But today’s Gospel kept coming back to my mind. It nagged at me each time I read it. And each time, it was accompanied by the question, “Well, now what do I do?” This whole thing about “taking up our crosses” is confusing. I’m not always sure what to do with it. But one thing is pretty clear. Jesus likes to ruin everything. He’s serious. And for everything, there is a price.
You see, the disciples had a sweet gig going. Immediately prior to this story is Peter’s confession that Jesus is the Messiah, the savior of Judea, the king of all kings, lord of all lords. Peter had very high expectations for Jesus. It’s a very enticing way of thinking about Jesus. Imagine Jesus coming like the Son of Man from the book of Daniel (which is where the reference comes from):
“I saw one coming like a human being coming with the clouds of heaven. And he came to the Ancient One and was presented before him. To him was given dominion and glory and kingship, that all peoples, nations, and languages should serve him. His dominion is an everlasting dominion that shall not pass away, and his kingship is one that shall never be destroyed.”
This savior of the world is powerful, glorious, exalted, wonderful and mighty, a conqueror, a king. THIS is the God for whom we have been waiting for, THIS is the savior we need in this, as Jesus puts it, “adulterous and sinful generation”, where immorality and oppression run rampant in the streets, THIS is the leader we need to get the world back on track, who will right the wrongs, restore values to a sick society and usher in the kingdom of God, Hosanna! Blessed is the one who comes in the name of the Lord! Hossana in the highest!
There’s just one problem: This isn’t Jesus.
Instead, this Son of Man, this Jesus, must in his own words undergo great suffering and rejection. He must be taken down from his pedestal and made a mockery. He must be tortured, embarrassed, humiliated, and executed.
It’s no wonder then that Peter pulls Jesus aside when he hears all this and basically tells him, “Dude, you gotta cool it. Okay, not cool. You’re ruining everything.” Peter didn’t want Jesus to have to go through all of that. That’s not what the Messiah was supposed to do. How is Jesus supposed to be Peter’s ticket if he dies? He rebukes Jesus. Ever been rebuked? Peter wasn’t kidding. He wasn’t messing around. This was serious.
And Jesus fires right back, “Get behind me Satan!” He wasn’t kidding either. This was serious. Jesus had another calling in mind.
As I read further, I had to wonder, what is Jesus calling us to? “To take up one’s cross” in modern usage usually means to bear a burden. I’ve heard it, and I’m sure you have too, used to describe taking care of an elderly parent, or an autistic child, or an abusive partner—things that we struggle with, that God has “assigned” to us to test us.
I beg you not to write Jesus’s words off like that. That’s not what he’s saying. In fact, in some ways, he’s saying exactly the opposite of that.

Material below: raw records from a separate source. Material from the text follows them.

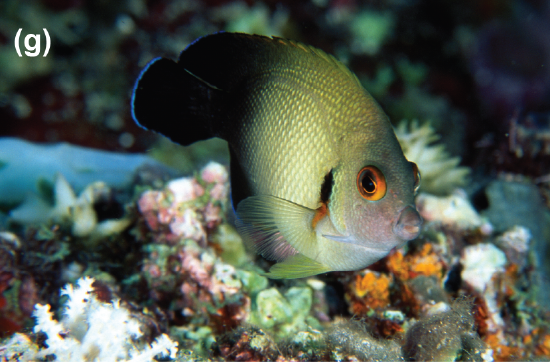 A pearscale angelfish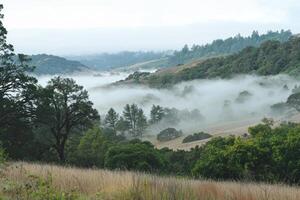 Morning mist over rolling hills and forested landscape at sunrise photo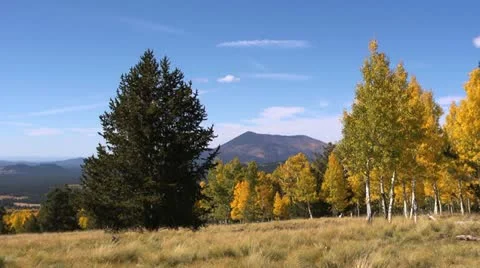 Fall Colors Mountains Stock Footage 12266207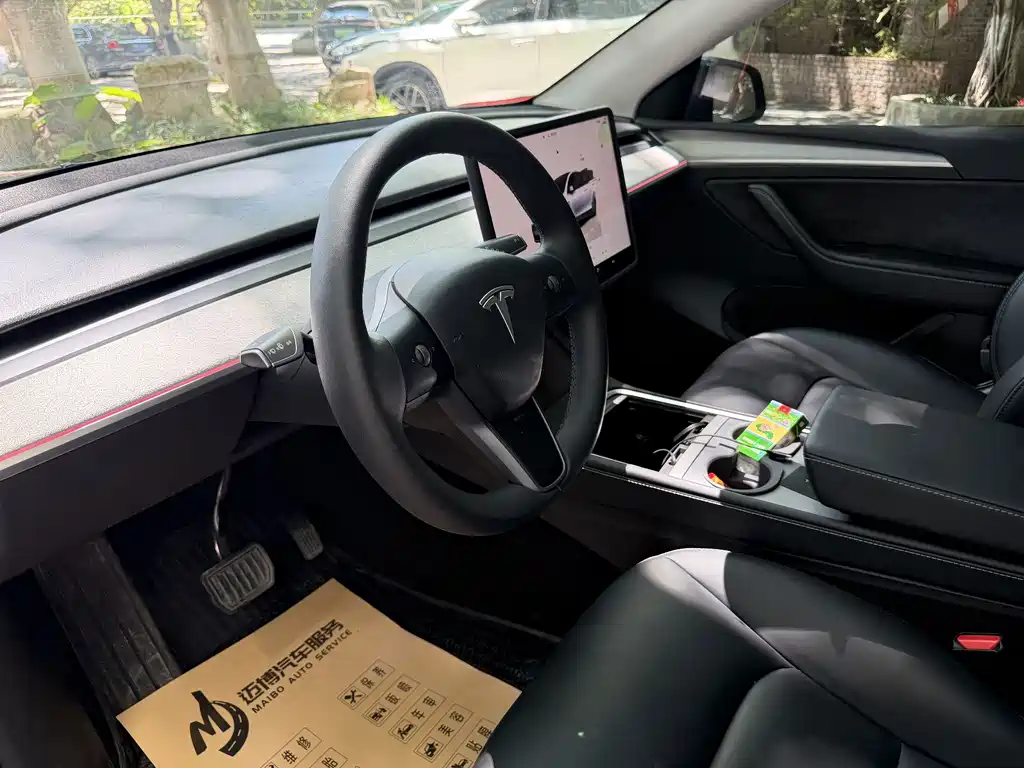 Tesla Model Y — миниатюра 12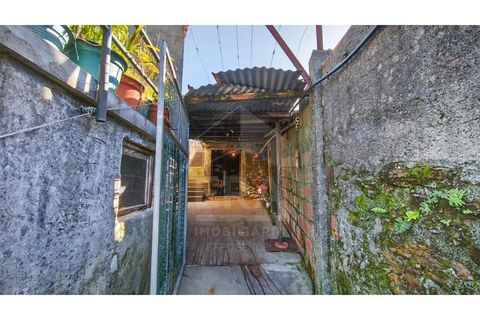 Villa i Viana do Castelo, Viana do Castelo, Viana do Castelo - € 165.000 | Ref: 251260057 - foto 3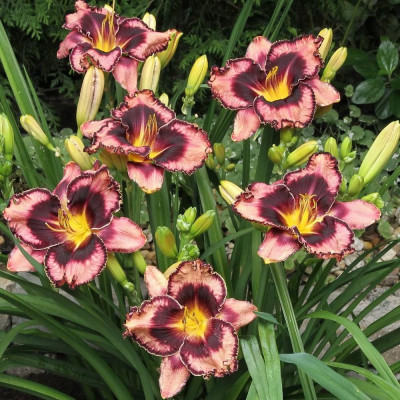 Rizom Hemerocallis Crin de Zi Simson Overture 1 buc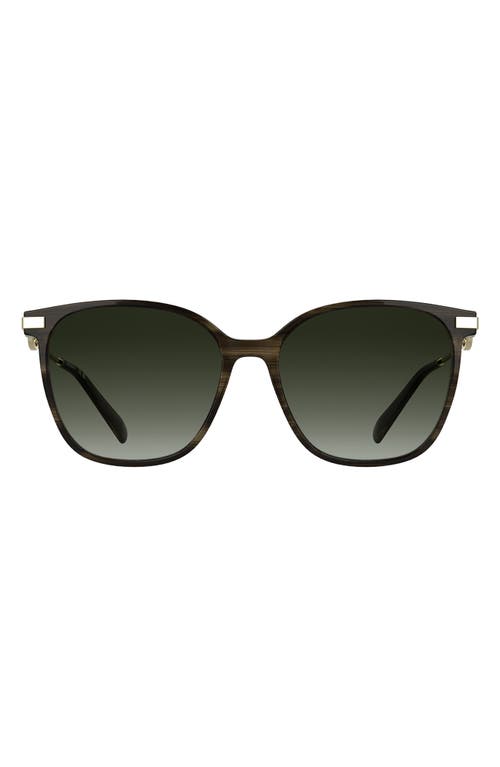 Longchamp Foulonn 55mm Gradient Modified Rectangular Sunglasses In Green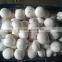 Best selling iqf frozen Mushroom with low price best quality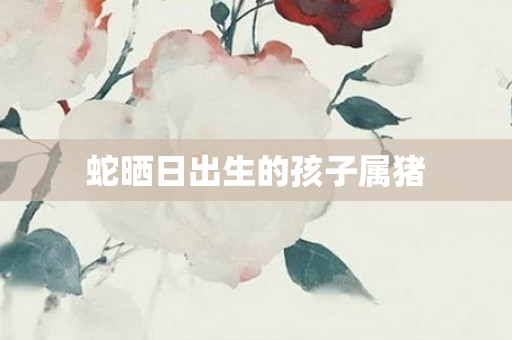 蛇晒日出生的孩子属猪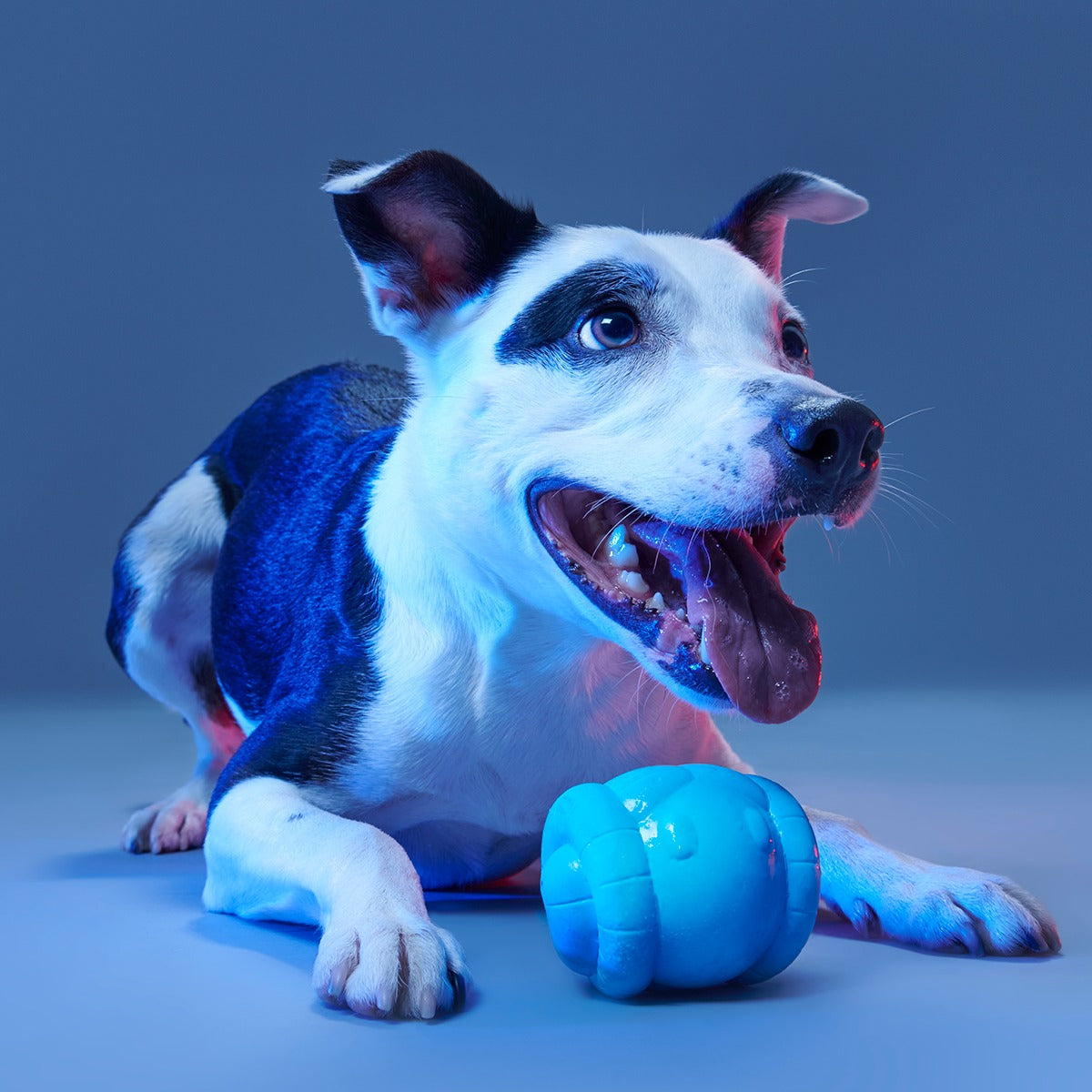 Chew Are My Only Hope Super Chewer Durable 2-in-1 + Fetch Dog Toy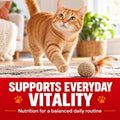 Jakkies NAD+ Support Chews for Cats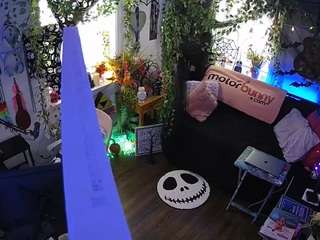 voyeurcam veccasalt 01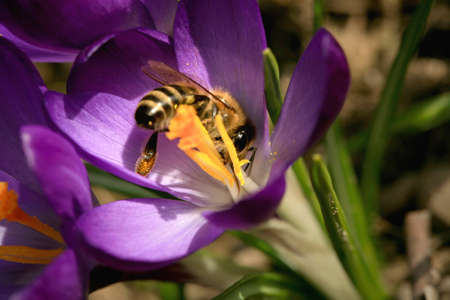 Bee, apis mellifera and pollen-producing  spring plant crocus. A sign of the first warm spring days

By focusing on ourselves, we are refusing to take up the cross.
We are a culture obsessed with ourselves. And it is so easy for us to hear Jesus say, “Deny yourselves” and to simply ignore it. I do it all the time. Good Lord, the more I read about what Jesus tells me to do, the more I realize that the people who claim to take the Bible literally still have a long way to go before they reach that goal.
Jesus tells me to feed the hungry, and I say, but I need that money to feed me. Jesus tells me to visit those in prison, and I back away in fear of “those people”. Jesus tells me that those ashamed of him will get the same treatment, and yet I still get anxious when people ask me what I do for a living. Do I tell them I’m a seminarian? Do I tell them I work for the church, and it’s not just what I do on the weekends? Most times, I tell them I am a grad student and hope that they don’t ask me for more details. If anyone needs to deny themselves, I need to be first in line. I need to stop focusing on me. Because really, what good does it do me?
There is a song by Toby Mac that comes directly out of this story. The chorus goes, “I don’t want to gain the whole world and lose my soul”. And in the verses, he prays to God that he doesn’t get distracted by all of the things in life that pull him away from Christ. He wants to keep his eyes on the things that are important, like being a good father and husband, being an artist with integrity. In some ways I think he still misses the point that we aren’t supposed to focus on ourselves, but in other ways, he’s right.
As Jesus said, “For what will it profit them to gain the whole world and forfeit their life? Indeed, what can they give in return for their life?” Or, as the old saying goes, “You can’t take it with you.” Jesus is confronting his disciples, both past and present, with reality. This is not a cake walk. This is not a hobby. It’s not a weekly obligation or just “what we’re supposed to do”. This is serious. There is a price to following Jesus. Up to and sometimes including our lives.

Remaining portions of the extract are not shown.